Attention, essai de concentration .....rrrrr....


Non pas possible, je fonds pour les chatons !! J'ai vu le mien ce week-end en plus, alors tu parles...


Bon, seconde lecture, second essai.... rrrrr....



Anouchka 30/06/2010 19:16



Ah oui, difficile de résister aux chatons ! ;)



Tulisquoi 28/06/2010 19:03



je crois l'avoir commencé alors que je venais d'acheter l'hébergement pour le nouveau site... je devais avoir autre chose en tête ;)

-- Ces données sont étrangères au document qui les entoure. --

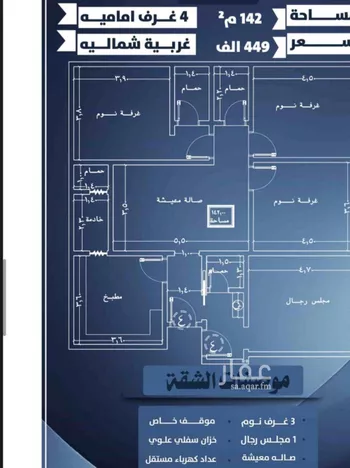 شقة للبيع في شارع احمد الرقيمي, حي النزهة, مدينة جدة, منطقة مكة المكرمة صورة 3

Tulisquoi 28/06/2010 18:38



C'est bien ce que je pensais : je suis passée à côté de ce livre. je ne me rappelle même pas ces histoires... A relire à un autre moment je pense...



Anouchka 28/06/2010 18:46



Oui, peut être que tu ne l'as pas lu au bon moment !



flou 28/06/2010 14:03



toujours rien lu de cet auteur... qui m'interpelle pourtant de plus en plus à chaque critique lue... (les chats ont l'air motivés en plus!)



Anouchka 28/06/2010 14:48



Oui les chatons adorent poser pour des photos ! :)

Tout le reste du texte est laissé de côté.